Грамотность, конечно, возникла и развилась много ранее Диоклетиана, но направилась она сначала на составление памяток чисто практического, большей частью торгового, рецептуального и поучительного характеров, а потом на воспроизведение эпических сказаний и личных фантазий, которые выводили на сиену только богов да сверхчеловеческих героев, в которых превращались и затерянные для нас навсегда реальные личности того доисторического
подготовительного времени. Сказка с участием богов и волшебников предшествовала в начавшейся литературе придворной летописи, которая могла возникнуть лишь при. вошедшем в обиход чтении, а до него не имела даже и смысла. А без опоры на летописи история народов в том виде, какова она существует теперь, конечно, немыслима. Мыслима только безличная археология, тем более что и личных имен тогда не было, а существовали лишь прозвища.Таково то основное, что я старался доказать до сих пор, а на вопрос о том, «чем я кончу», теперь мне очень легко ответить.
В следующем, седьмом, томе «Христа», который будет и последним, если удастся втиснуть в него весь уже. записанный и накопившийся в голове материал, я буду доказывать следующее.
Богатый астрономический материал, заключающийся в месопотамских клинописях, ясно обнаруживает, что все они принадлежат Средним векам, а потому полуисторическим оказывается даже и начало среднеперсидского царства времен Хозроя Ануширвана (531–579). А все, что было ранее его в этой стране, каковы древнеперсидское и псевдовавилонское царства, есть чистый миф или прямо историческое недоразумение. В связи с этим и индийский брамаизм оказывается не древним измышлением тамошних магов, а переносом туда из Византии первичного христианства, сохранившегося там почти в прежнем виде вдали от руководящих центров человеческой культуры, да и ламаизм и конфуцианство— отголоски того же хлынувшего на Восток византийского христианства еще более поздней эпохи.

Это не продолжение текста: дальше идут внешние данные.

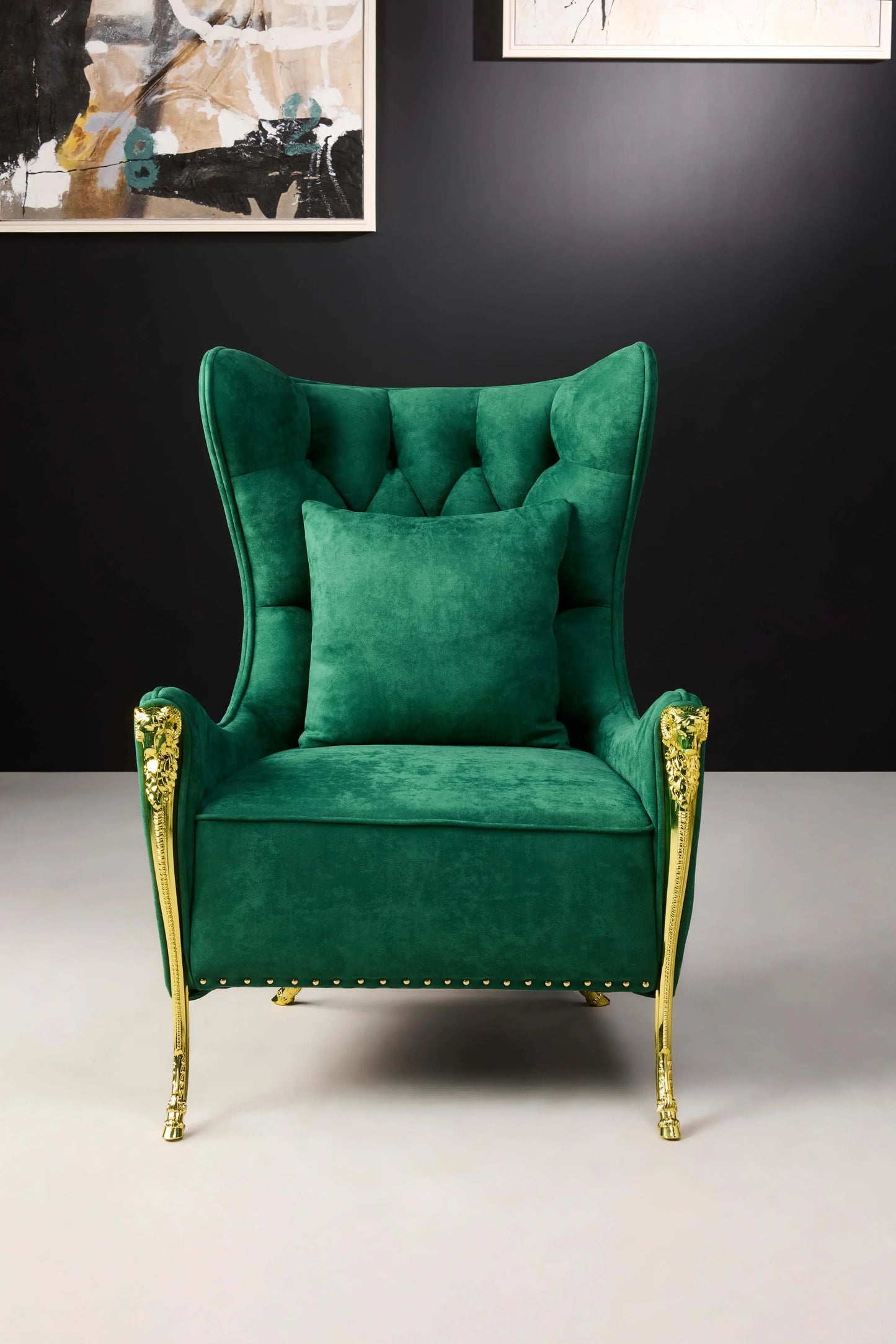 Green Crown Velvet Chair Front View in Royal Style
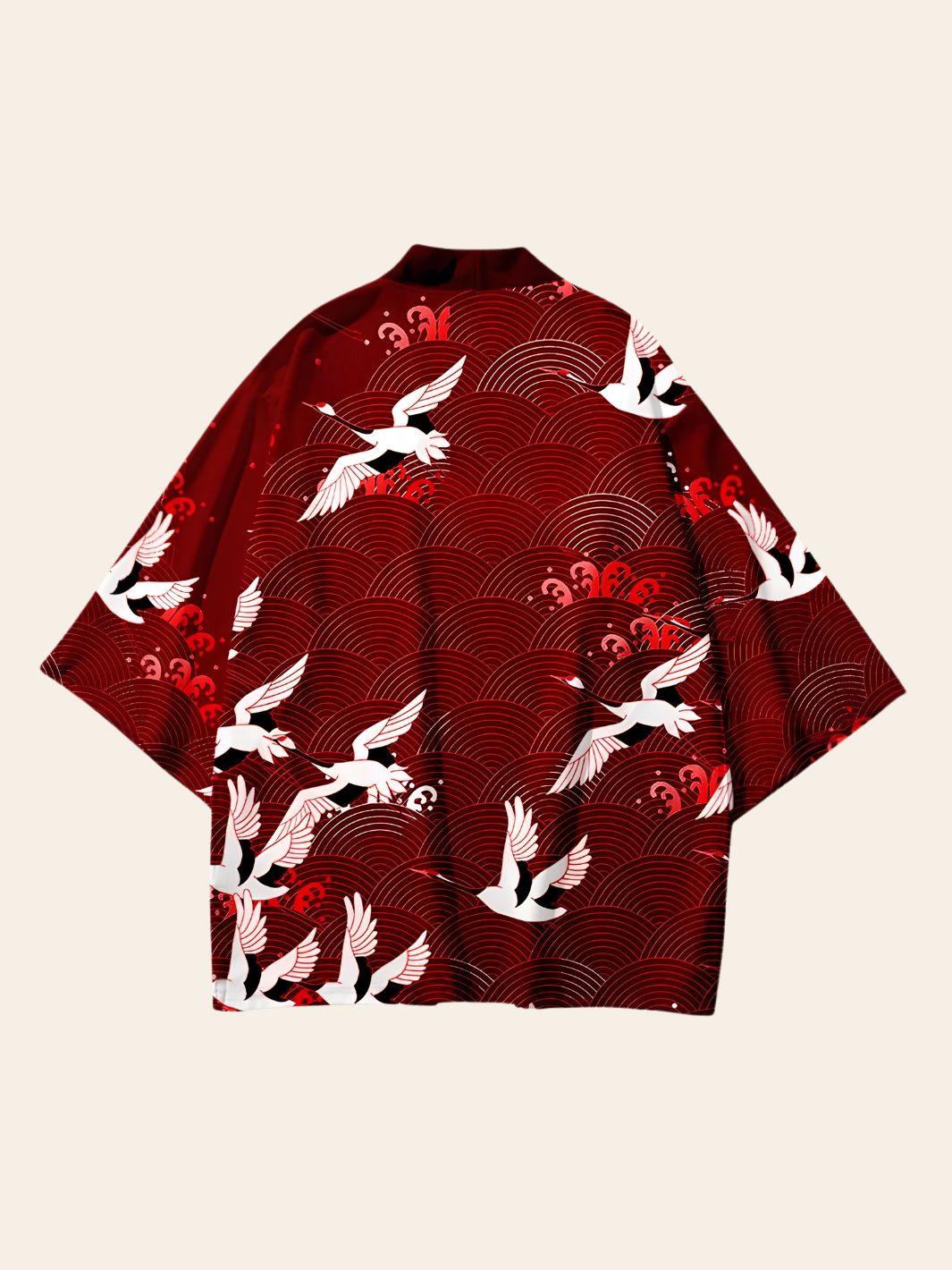 Veste Kimono Rouge Grues Japonaises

В записях о кометах, которые я привожу здесь по найденным в Китае псевдолетописям XVII века, читатель найдет первый намек на то, что реальная история и этого государства за пределами Средних веков очень похожа на сказку о египетском белом бычке, приведенную во второй половине этого тома. Всего же курьезнее окажется то, что часть ее как будто выращена в римских, царьградских и даже в парижских оранжереях и только пересажена миссионерами, начиная с цитируемых в этом томе Майльи и Гобиля, на берега Гоанго и Яндзыдзяна.
В первый период византийской истории от Диоклетиана до Льва Иконобойца правильной является только придворная хронология, но никак не характеристика умственной и религиозной жизни того времени. Христианство того периода, который можно назвать дионисианским
, было более похоже на современный индусский брамаизм и сопровождалось теми же самыми вакханалиями, какие описывают классические писатели. Лев III (717–741), представленный нам византийскими церковными писателями как иконобоец, был, в сущности, идолобоец, потому что греческое слово икона просто значит изображение. Он разбивал не иконы, похожие на наши, а статуи тогдашнего дионисианского классического пантеона, одновременно и совместно с агарянами, как предшественниками магометан, начавшихся лишь с Махмуда Газни, как я показываю здесь. Это была одна и та же религия и в Византии, и в Египте, это был второй период эволюции религиозной мысли на Ближнем Востоке.